El sabor de la libertad
La habitación en la que escribo, la misma en la que duermo, tiene el suelo quemado. Es una de las huellas que ha dejado el ataque de las hordas de nacionalismo que en 2008 atacaron el centro social de Jana Vikas. La escalera que sube al segundo piso fue utilizada para violar repetidamente a la hermana Meena Barba, una de las víctimas sexuales del pogromo de Odhisa. La ciudad más cercana, Bubaneswhar, a seis horas de coche.
He pasado el día con otras víctimas. Por la mañana, gracias a la ayuda de un traductor, he escuchado las historias de viudas, de hombres obligados a comer excrementos de vacas por no renunciar a su condición de bautizados. Hablaban huriah y una lengua tribal que no tiene escritura. He comido con las viudas, se sientan en el suelo y en cuclillas dan buena cuenta del arroz. Algunas de ellas llevan la cara entera tatuada. Son parcas en palabras, al menos con el extranjero blanco. Algunas solo lloran cuando recuerdan a sus maridos. Otras explican que quieren sacar a sus hijos adelante y que estudian. Las madres se parecen en todos los rincones del mundo. Todos son intocables, dalit, los que están fuera de cualquier casta. Discriminados por su origen, discriminados por ser cristianos. El 80 por ciento de los cristianos de Odisha son dalit, porque el cristianismo es –dicen– la religión en la que no hay castas, la religión de los que te ayudan, la religión de los que cuando estás enfermo vienen a rezar por ti y a echarte una mano. La religión que no considera la pobreza una maldición divina por algún pecado del pasado, un castigo merecido. Un hombre de mediana edad me ha contado que lleva siete años en la cárcel porque le acusaron de asesinar a Sawami, un líder del nacionalismo hindú. Él explica que es inocente. Todo el mundo sabe que es inocente. Los maoístas confesaron hace mucho tiempo el crimen. Dice que no está desesperado, que en prisión tiene tiempo para rezar y para leer la Biblia.
Por la tarde he estado en la casa de otro dalit, una casa muy pobre y muy limpia. Una de las mujeres preparaba la catequesis estudiando las Escrituras. El padre de familia me ha contado que le cuesta mucho encontrar trabajo. Los dalit tienen encomendadas las labores más humillantes. Y si eres cristiano la cosa se complica aún más.

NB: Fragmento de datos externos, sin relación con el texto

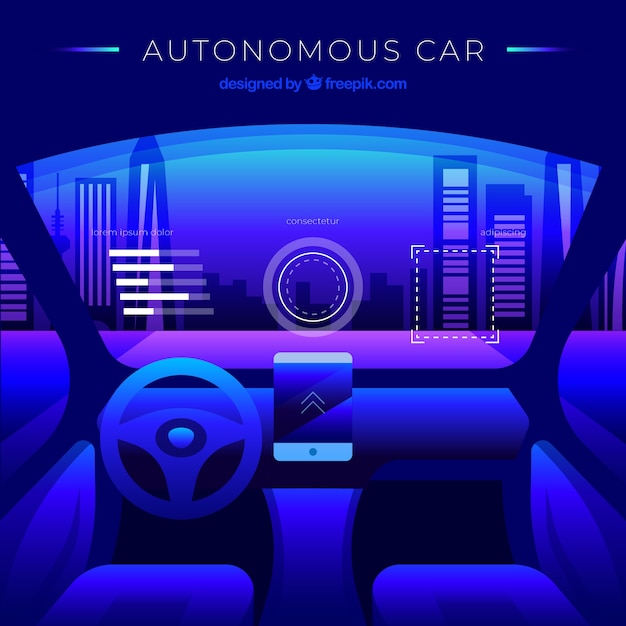 Futuristic interior design of autonomous car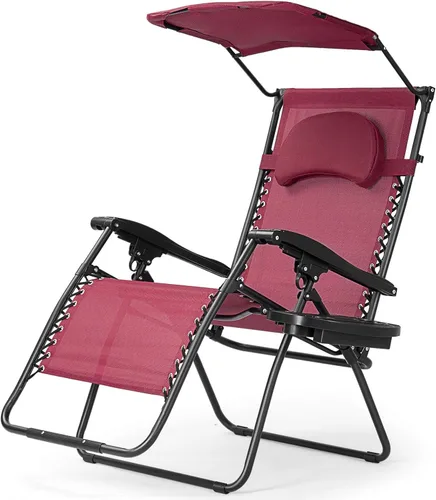 Miniatura 10 de HAPPYGRILL Zero Gravity - Sillón reclinable plegable para patio al aire libre, playa, patio, piscina, gris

Al caer la tarde nos hemos adentrado aún más en la sierra de Kandhamal. La vegetación es exótica, tropical. Las mujeres se bañan vestidas en charcas en las que flotan flores acuáticas. En cada recodo del camino hay un templo, templos por todos sitios, templos de colores. Dioses en cada esquina. El hinduismo más que una religión es una especie de paraguas bajo el que cabe casi todo. El politeísmo, extraño, que convierte cualquier cosa en Dios es utilizado por los nacionalistas. Hay que imponer el “retorno a casa”.
Todo parece tranquilo mientras las mujeres se bañan al caer el sol. Pero la tranquila charca del pueblo de Barokhoma es solo apariencia. Los dalit de la localidad, reunidos todos ellos en una calle, me cuentan que no pueden celebrar la Navidad tranquilamente. Les atacaron recientemente, les atacaron en 2008, cuando 50.000 perdieron sus casas y un centenar de bautizados murieron en todo el distrito de Kandhamal. Los misioneros trajeron hace algo más de 100 años la nueva religión, se pusieron de parte de los dalit que habían perdido sus tierras. A todos les preguntó lo mismo: ¿por qué no abandonan esta fe que les ha traído tantos problemas? Casi todos dicen lo mismo: “amamos a nuestro Señor”. El cristianismo tiene para ellos el sabor de la libertad. Ni brahman ni dalit, todos uno. Veinte siglos después la misma revolución.